Make sure you see an attorney and/or find out your state guidelines for child support and spousal support.

Since the two of you were married only 5 years there will most likely be no spousal support. 

I find it interesting and disturbing that you are negotiating your divorce settlement with her parents. Huge warning sign there. They are way to injected into all of this. 

I am wondering if you are thinking of throwing money at her thinking that this will win her back. I doubt it will. This is not a good idea.


----------



## happed (Apr 28, 2012)

EleGirl said:


> I am wondering if you are thinking of throwing money at her thinking that this will win her back. I doubt it will. This is not a good idea.

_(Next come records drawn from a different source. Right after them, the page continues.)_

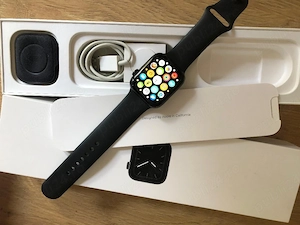 Ca Nou: Apple Watch Series 5, 44 mm, GPS.  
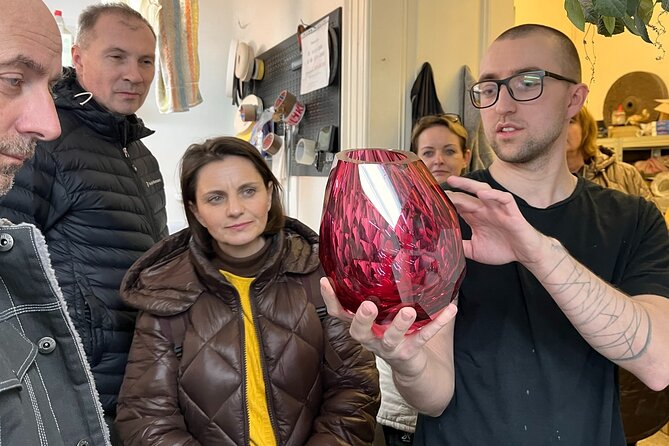 Private Bohemian Glass and Czech Crystal Tour with lunch included - Who should book this glassmaking day?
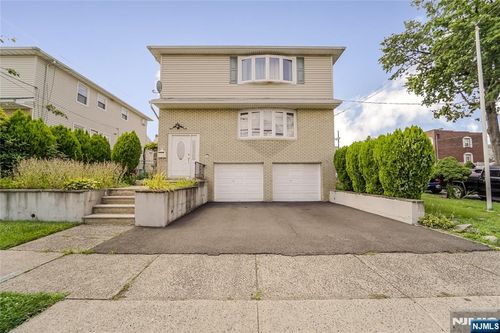 29 Argyle Pl, North Arlington, NJ, 07031-6401 | Card Image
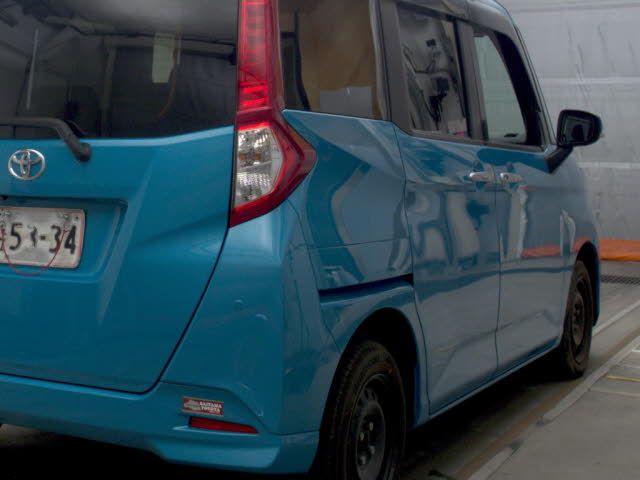 2021 Toyota Roomy G auction photo 5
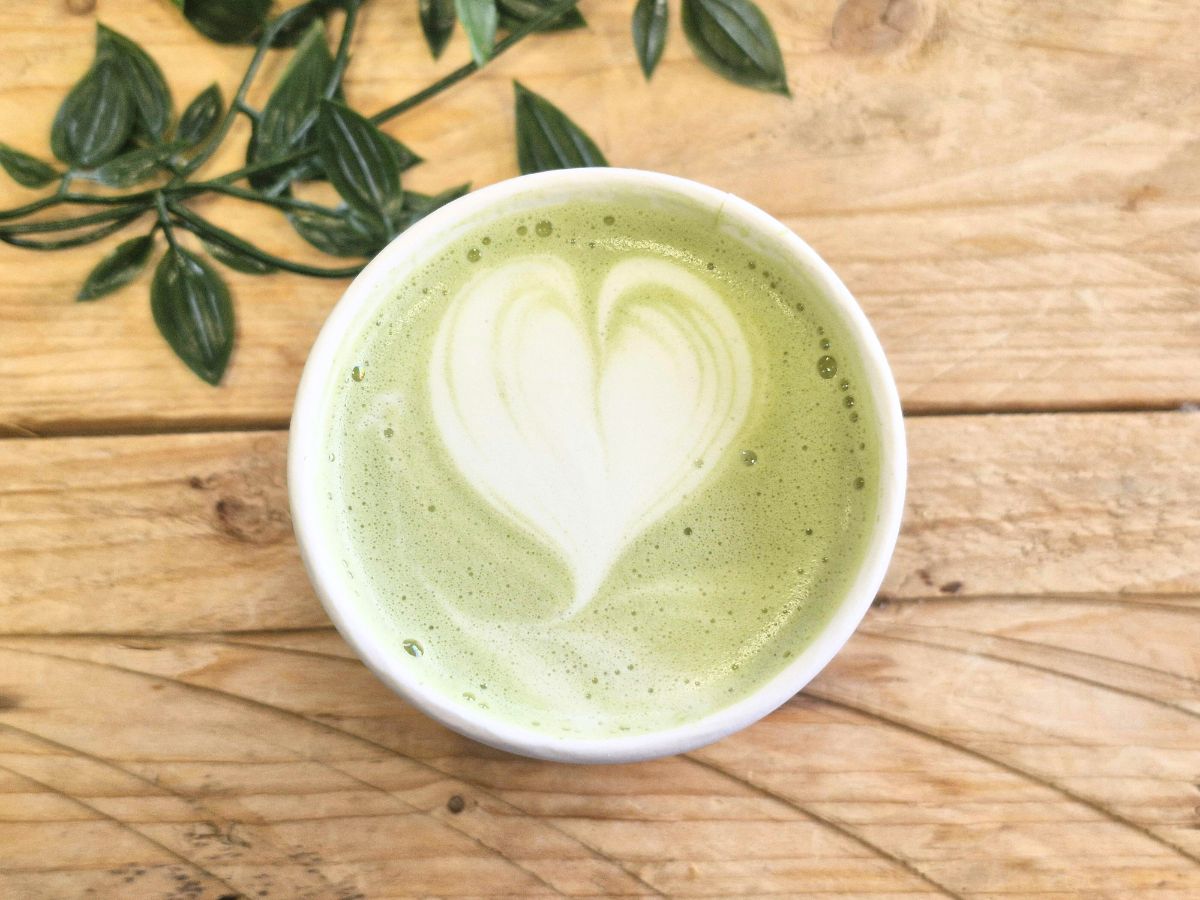 Matcha tea titkai nőknek: 8 hatás, amit a tested imádni fog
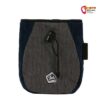 Ein E9 Drop VS Chalkbag mit grau-blauem Stoff vor weißem Hintergrund.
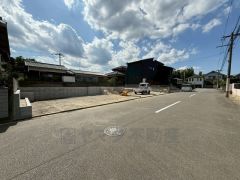 前面道路は北東側約7.9ｍの公道に面しています＾＾
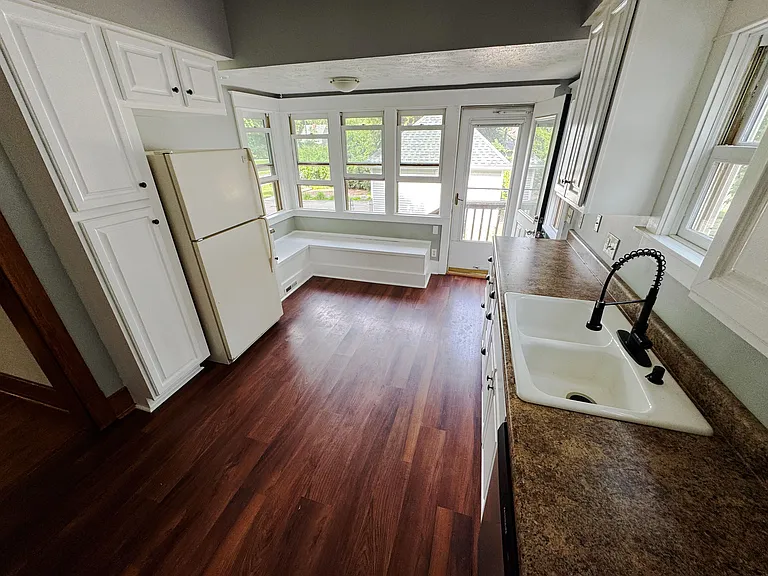 2356 S 35th Ave — Photo 7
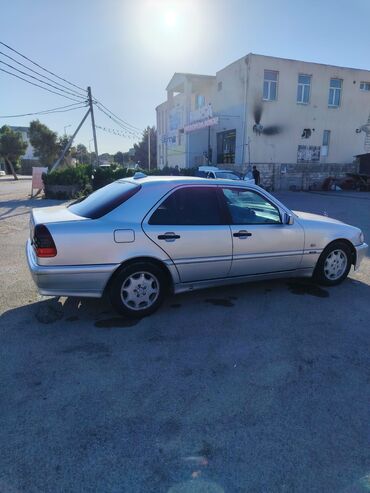 мерседес w202: Mercedes-Benz C sinfi sedan (W202), gümüş rəng. - Korpus: 4 qapı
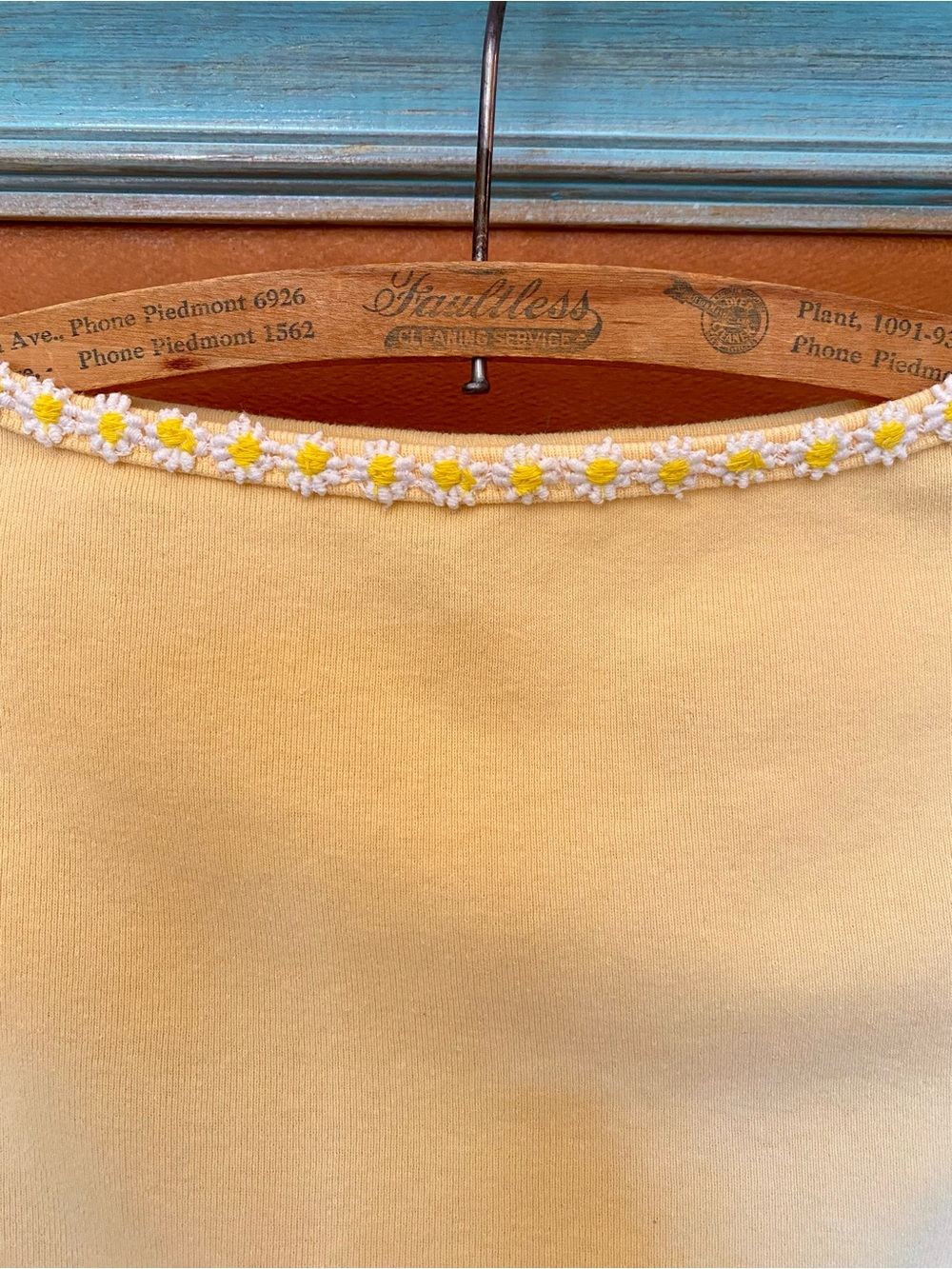 🌼 Yellow Daisy Chain 90s Tank Top - Picture 3 of 6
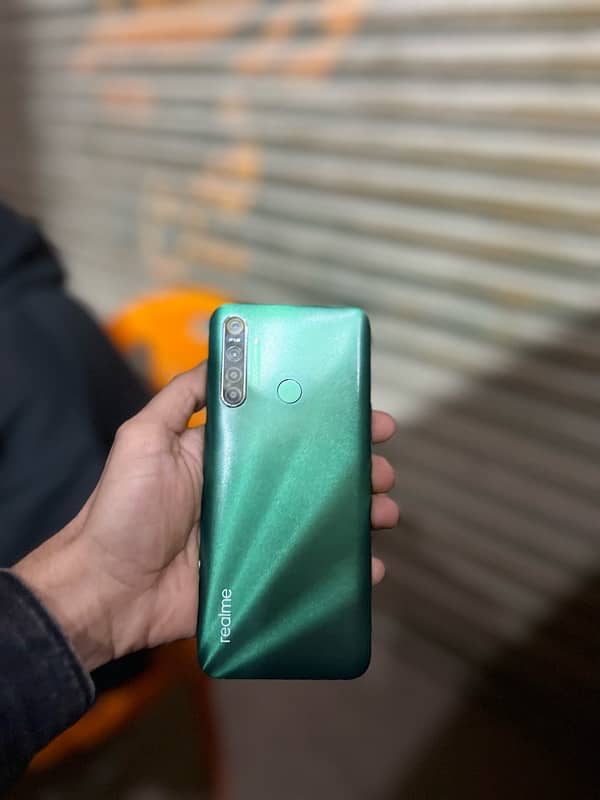 Realme 5i 0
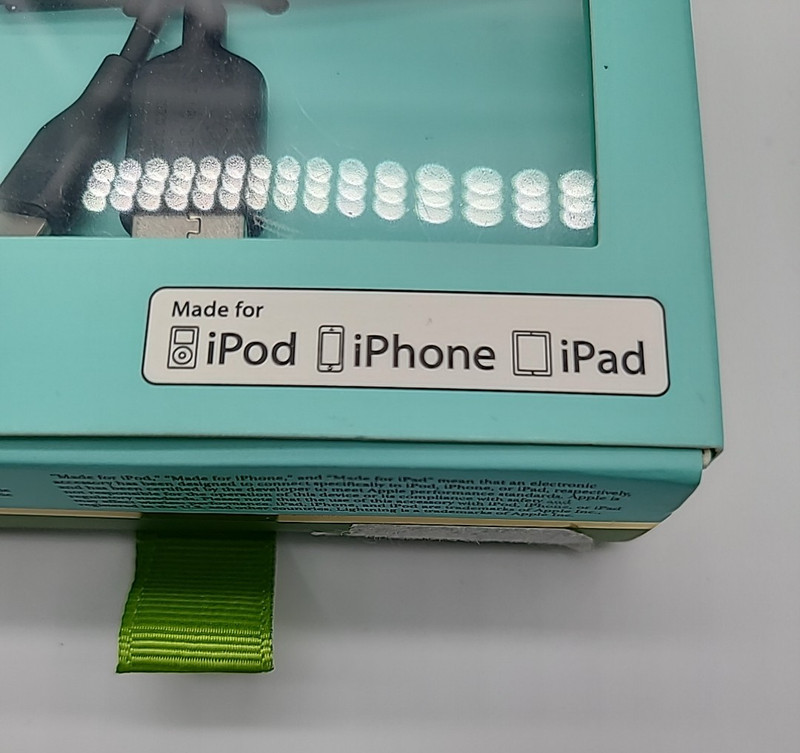 Kate Spade New York Portable MFI Certified Disguised Lightning Cable to USB gallery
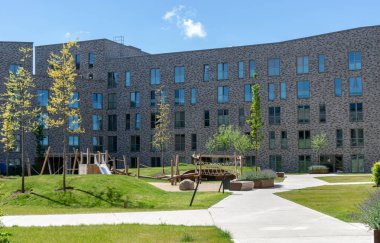 yaşam için modern bir binanın cephe, mavi gökyüzü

the only time she has contacted me (through her dad) is for money. will it fix anything? i dont think so. She (and her parents) has made it abundantly clear that there is no coming back.


----------



## Married in VA (Jan 6, 2012)

Happed,
Fellow active duty sailor here. I agree with Elegirl in what she is saying. Her parents are WAY too involved. Tell them to get the he!! of out the picture and that you will negotiate everything with your wife. Why are you not going for primary custody of your daughter? You are a fit parent right? I am active duty and a single parent to 3 girls. You can do it. PM me if you need military specific advice. 
As for a settlement, no spousal support. Spousal support is immoral as we are all adults capable of making our own living. If you agree to give her primary custody, then yes you will pay child support which you should do. I would negotitate for 50/50 while you are not deployed with no child support and her with temporary custody while you are deployed and then you will pay child support as you won't need the money anyway since you are deployed. I don't know your circumstances but do not be passive and get taken to the cleaners and tell her parents to mind their own business and stop trying to run their daughter's life.


----------



## Honeystly (Mar 1, 2012)

I respectfully disagree with Married in VA. 50/50 custody creates ping-pong kids who don't truly feel like they belong in one place. It almost splits their personality. Therefore, if you really love your daughter be in her life often, but let her have a primary residency. As for the parents, yes they are involved, but who else is going to help this woman if not her parents? They are trying to protect her. You said you know you messed up. Try to be a good dad now, help her out financially, be in your daughter's life. I say try to be the best parent team with your stbxw. Focus on the child. Her needs. Not yours. 50/50 is painful for children. My best friend did that..... her boy had lots of problems. Finally the dad let off and did a 85/15 custody (every other weekend) and the son is now thriving. Think of the child first


----------



## Married in VA (Jan 6, 2012)

@Honeystly,
Each situation is different. I like 50/50 because each parent should spend as much time with their children as they can. Yes, logistics may be a little tough sometimes but that can be overcome. I could never imagine being relagated to an "every other weekend" parent who just pays child support. We had that precedent here in America at one time and we now have a lost generation of single parent kids. I am in the military and once they leave their single parent homes, I get to deal with the mess when they are young adults. Again, to each their own and what works, well works.


----------



## _meganORSI__ (Nov 19, 2015)

happed said:


> we have been together for 5 and a half years. I have lied from the beginning with her, trying to make myself look better, or to avoid arguments with her. Also i became addicted to a few online games, and my playstation 3. I neglected her, physically, not wanting to spend time with her, mentally, when i didnt really listen, and heaven forbid i have to pause my game to do that, spiritually when i didn't pray with her, go to church with her. i treated her like a maid, that would clean my house, and i didnt lift a finger to help her. Lastly, i would not be bothered with helping her out with my daughter. agian, my priorities were all wrong.
> 
> It took her leaving me to see this.


 @happed I have to say, this sounds a LOT like my husband - who I've recently considered leaving. We've known each other for 13 years, and just had our 6 year wedding anniversary. We have two young boys; an almost 5yo and an almost 2yo. He NEVER helped me around the house, never asked if he could do anything for me, never did ANY of the adult responsibilities around the house (besides trash and cutting the lawn). I couldn't ask him any questions while he was playing games - it often ended with him staring at the screen, and me waiting for an answer. I have to be honest, I have little guilt for you in that respect. As a women, who's also the breadwinner, and a mother, it's extremely frustrating,and exhausting to have a husband as selfish as one who can't be bothered to help his wife.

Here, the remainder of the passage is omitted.